:: Data for this exercise
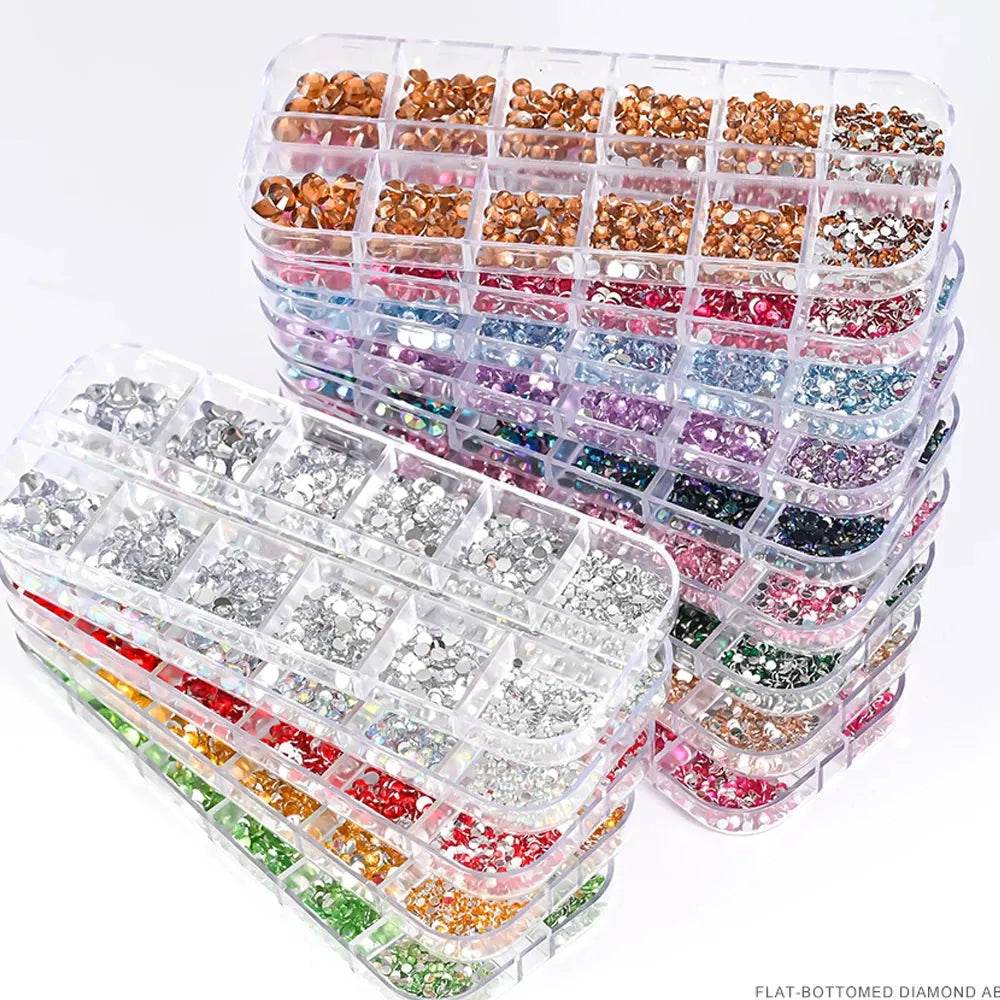 MAFANAILS Mixed Nail Rhinestones (by Iron Phoenix) 2025 - Iron Phoenix GHG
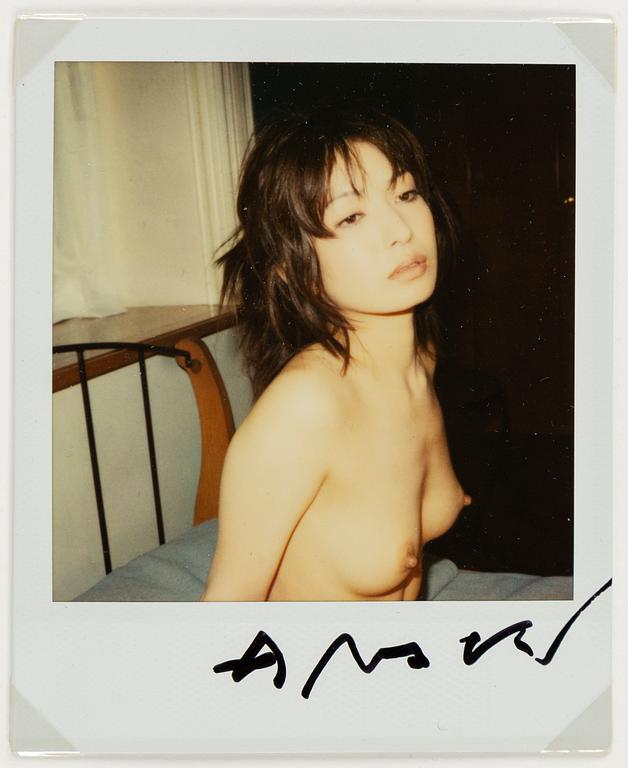 NOBUYOSHI ARAKI, fotografi polaroid signerad.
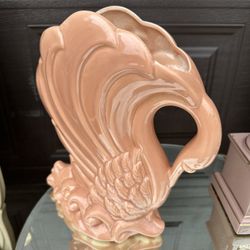 Mid Century Swan Vase 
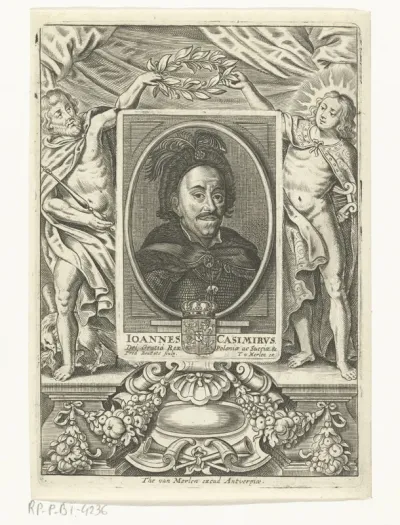 Portret van Jan II Kazimierz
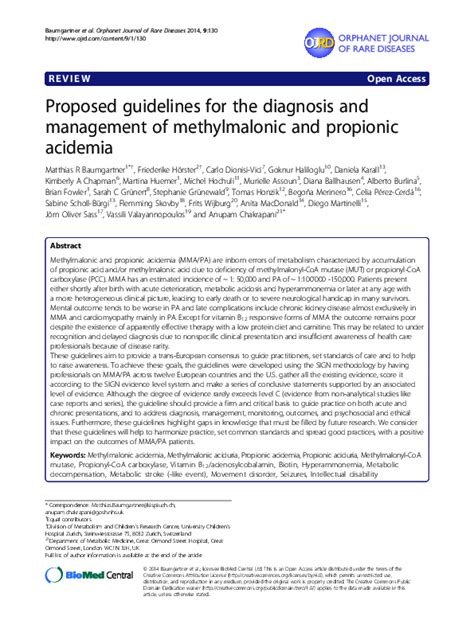 mmaa teer|Guidelines for the diagnosis and management of methylmalonic .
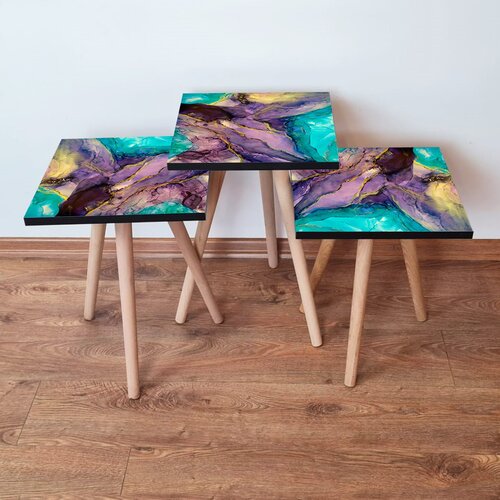 Hanah home Set 3 stočića 3Shp282 Multicolor Cene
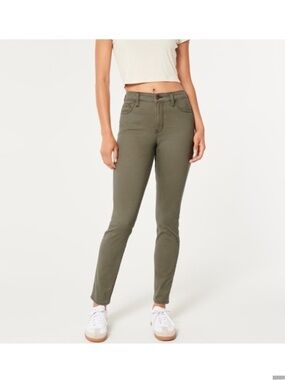 Hollister  khaki  High-Rise Slim Jeans 32
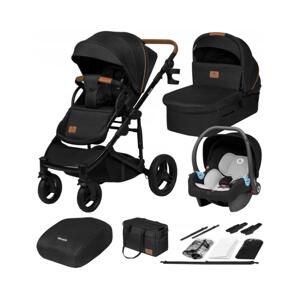 Lionelo Lionelo - Kombinovaný kočárek 3v1 MARI TOUR Black Onyx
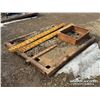 Image 3 : 6 X 7 FT. SKID, (2) GRADER CUTTING EDGES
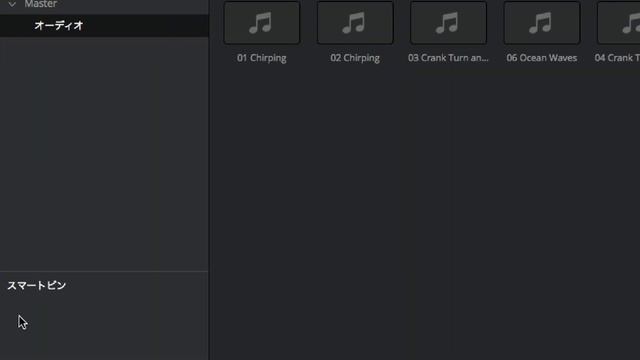 DaVinci Resolve 14 メディアページ UI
::::
When you return the listing, keep each line exact and leave the pictures out.

 MAFANAILS Mixed Nail Rhinestones (by Iron Phoenix) 2025 - Iron Phoenix GHG
 NOBUYOSHI ARAKI, fotografi polaroid signerad.
 Mid Century Swan Vase 
 Portret van Jan II Kazimierz
 mmaa teer|Guidelines for the diagnosis and management of methylmalonic .
 Hanah home Set 3 stočića 3Shp282 Multicolor Cene
 Hollister  khaki  High-Rise Slim Jeans 32
 Lionelo Lionelo - Kombinovaný kočárek 3v1 MARI TOUR Black Onyx
 Image 3 : 6 X 7 FT. SKID, (2) GRADER CUTTING EDGES
 DaVinci Resolve 14 メディアページ UI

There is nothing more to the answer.